「NN4444」『チルド』を世に送り出した気鋭の映画レーベル「NOTHING NEW」の新たなホラー映画『洗浄』が、第59回シッチェス・カタロニア国際映画祭パノラマ部門に選出された。日本での公開は2027年春を予定している。
本作は、湖畔のリゾートに招かれた一組のカップルが、旅館のおもてなしの裏に隠された“水”に蝕まれていくサスペンス・ホラー。異例のヒットを記録した不条理ホラーオムニバス「NN4444」の同名短編『洗浄』を手掛けた宮原拓也監督の初長編映画となる。主演は入江甚儀、田中真琴。TRPGシナリオ『カタシロ』のディズムが脚本協力として参加している。

見開かれた目をクローズアップしたインパクト抜群のティザービジュアルとともに、特報映像が解禁された。

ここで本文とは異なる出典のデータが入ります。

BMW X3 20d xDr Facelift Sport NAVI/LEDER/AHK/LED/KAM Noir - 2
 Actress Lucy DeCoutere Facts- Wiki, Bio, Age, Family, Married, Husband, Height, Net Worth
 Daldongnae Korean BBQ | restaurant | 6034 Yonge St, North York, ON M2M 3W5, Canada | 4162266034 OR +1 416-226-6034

水滴の音がする暗闇で、人と思しきものを引きずる謎の男。何か小声で呟いているようだが……。この映像だけでめちゃくちゃ怖い。
シッチェス映画祭での選出に際し、宮原監督と脚本協力のディズム、主演の二人からコメントが到着。宮原監督は異色の“水ホラー”の誕生について、「もしかすると人間は水を利用して生きているのではなく、水に生かされ、支配されている生き物なのではないかと思うようになりました」とその着想を明かし、ディズムは「水について、人間の根源的恐怖について考えました」とコメントしている。また、主演の入江は本作を「言うなれば、史上最悪のおもてなしバカンス映画」と明快に表現。「湖の威厳ある美しさの中で、不穏な空気に飲み込まれていく感覚をぜひ楽しんでください」と期待を煽った。


コメント全文
<監督:宮原拓也>
本作は、自分にとって初めての長編作品です。キャスト・スタッフをはじめ、多くの方々の力に支えられて完成し、こうしてジャンル映画祭の名門・シッチェスでプレミアを迎えられることを、本当にうれしく思います。
水は人間にとってとても身近で、同時に生きていくうえで決して切り離すことのできない存在です。そんな水について考えているうちに、もしかすると人間は水を利用して生きているのではなく、水に生かされ、支配されている生き物なのではないかと思うようになりました。そこから想像を膨らませていった結果、奇妙な『水ホラー』が生まれました。この映画が異国の地でどのように受け止められるのか、今からとても楽しみです。本作に関わってくださったすべての皆さまに、あらためて心より感謝いたします。今後の続報にも、ぜひご期待ください!
<主演:入江甚儀>
映画『洗浄』がシッチェス・カタロニア国際映画祭に選出され、上映されることが決定いたしました。現状を見据えてしまったが故の無関心と身体を満たした無気力を業として独創的に描ききった作品です。
言うなれば、史上最悪のおもてなしバカンス映画。スタッフ・キャストが全力で挑んだ本作が、映画を愛する世界の皆様の目に触れられる機会を手にし嬉しく思います。世界で思い切り羽ばたいてくれることを心より願っております。
<主演:田中真琴>
映画『洗浄』で主演を務めさせていただいた田中真琴です。歴史ある映画の祭典、シッチェス・カタロニア国際映画祭パノラマ部門に選出いただき、夢のような知らせに胸がいっぱいです。湖の威厳ある美しさの中で、不穏な空気に飲み込まれていく感覚をぜひ楽しんでください。皆さまにどう受け取っていただけるのか、とても楽しみです。
<脚本協力:ディズム>
微力ながら脚本協力で参加させていただきました。
水について、人間の根源的恐怖について考えました。